Mit einem Veto wehren sich Ungarn und auch Polen dagegen, dass die Auszahlung von EU-Mitteln künftig an die Einhaltung der Rechtsstaatlichkeit geknüpft werden soll. Gegen beide Staaten wird seit Jahren wegen des Umgangs mit Justiz, Medien und Wissenschaft heftige Kritik erhoben. Gegen beide Länder läuft ein EU-Rechtsstaatsverfahren (Artikel-7-Verfahren).

Die Delegationsleiterin der Grünen im Europaparlament, Monika Vana, betonte unterdessen in einer Aussendung, dass das Europaparlament „Ungarn und Polen keine Zugeständnisse beim Rechtsstaatsmechanismus machen, sondern weiterhin die Grundrechte und Demokratie in Europa verteidigen“ werde.

Der Vizepräsident des EU-Parlaments, Othmar Karas (ÖVP), drohte der nationalkonservativen Fidesz-Partei von Ungarns Regierungschefs Viktor Orbán mit Hinauswurf aus der Europäischen Volkspartei (EVP). „Wenn Orbán beim morgigen EU-Gipfel weiter blockiert, ist der Ausschluss von #FIDESZ aus der EVP die logische Konsequenz“, schrieb Karas am Mittwoch auf Twitter.

Orbán torpediere mit seinem Verhalten nicht nur die EU als Rechts- Wertegemeinschaft, „sondern blockiert damit auch wichtige Investitionen für uns alle“, so Karas weiter.
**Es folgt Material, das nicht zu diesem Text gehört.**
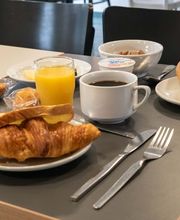 B&B HOTEL Dieppe image 2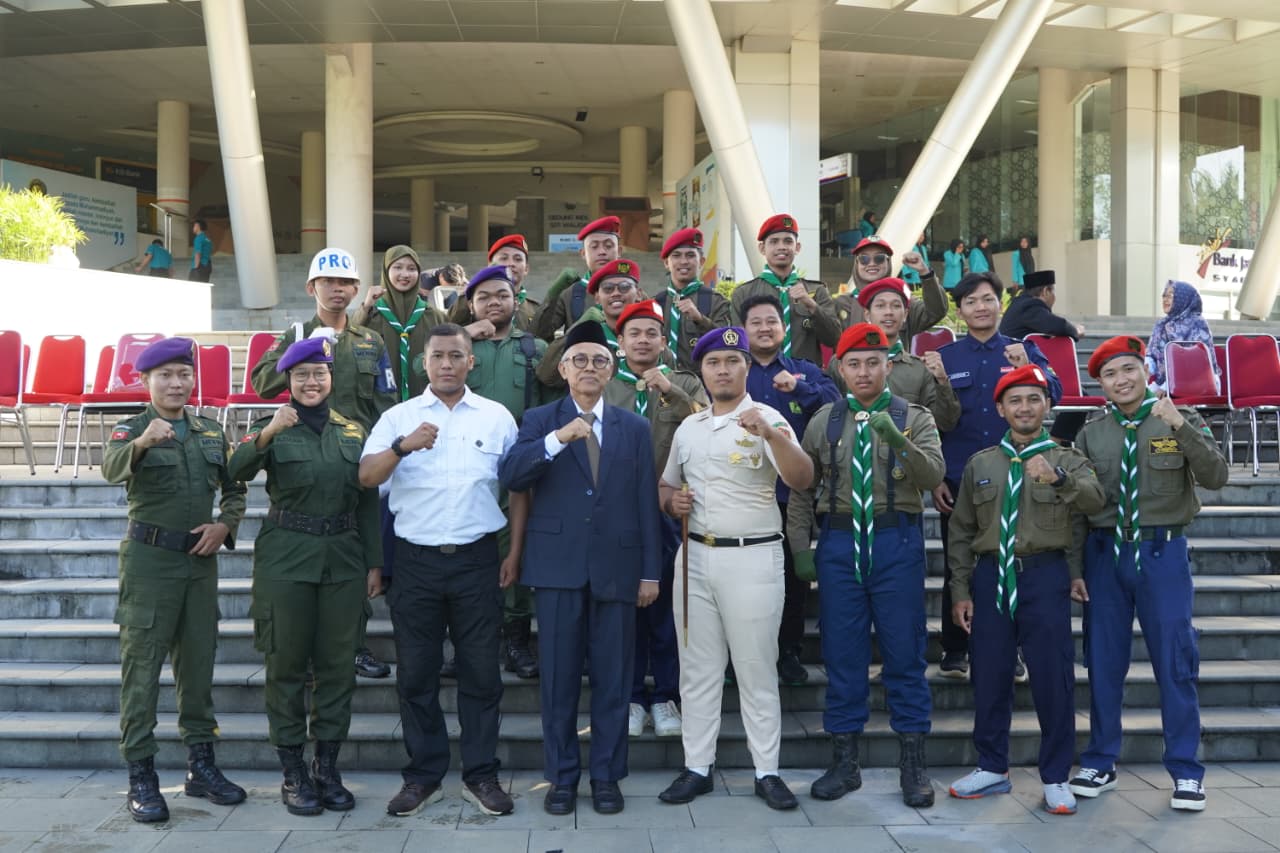 Semangat Hari Pendidikan Nasional, Hizbul Wathan UMS Tampil sebagai Petugas Upacara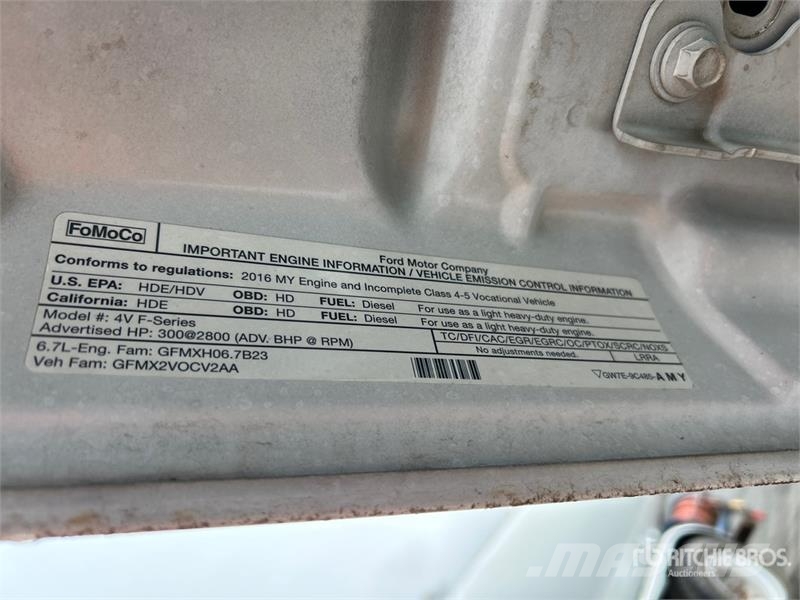 Ford F-550 XL 4x2 Flatbed Truck Flatbed / Dropside trucks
Die EVP dürfe „es nicht zulassen, dass die EU mit dem Instrument der Einstimmigkeit (das sowieso abgeschafft gehört) erpresst wird. Es wurde alles versucht, um #Orban auf einen europäischen und rechtsstaatlichen Weg zurückzuführen. Das ist leider bis jetzt nicht gelungen“, schrieb der ÖVP-Europaabgeordnete.

Europaministerin Karoline Edtstadler (ÖVP) äußerte am Mittwoch erneut Unverständnis für die Vetos Polens und Ungarns gegen die milliardenschweren Corona-Konjunkturhilfen und den langfristigen EU-Haushalt. Wenn es dabei bleibe, könne das Geld nach dem Corona-Aufbaufonds nicht fließen. Es werde dann zu einer monatlichen Zwölftelbudgetierung anhand der alten Vorgaben kommen, warnte sie nach dem Ministerrat in Wien.

Der FPÖ-Nationalratsabgeordnete Christian Hafenecker stellte sich seinerseits auf die Seite Ungarns. „Der mit dem EU-Budget verbundene Mechanismus, Mitgliedsstaaten EU-Mittel zu kürzen, wenn diese gegen gewisse europäische Grundwerte oder die Rechtsstaatlichkeit verstoßen, ist ein reiner Vorwand zur Schaffung eines Disziplinarmittels des EU-Establishments gegen unliebsame Regierungen“, kritisierte Hafenecker laut einer Aussendung des Freiheitlichen Parlamentsklubs.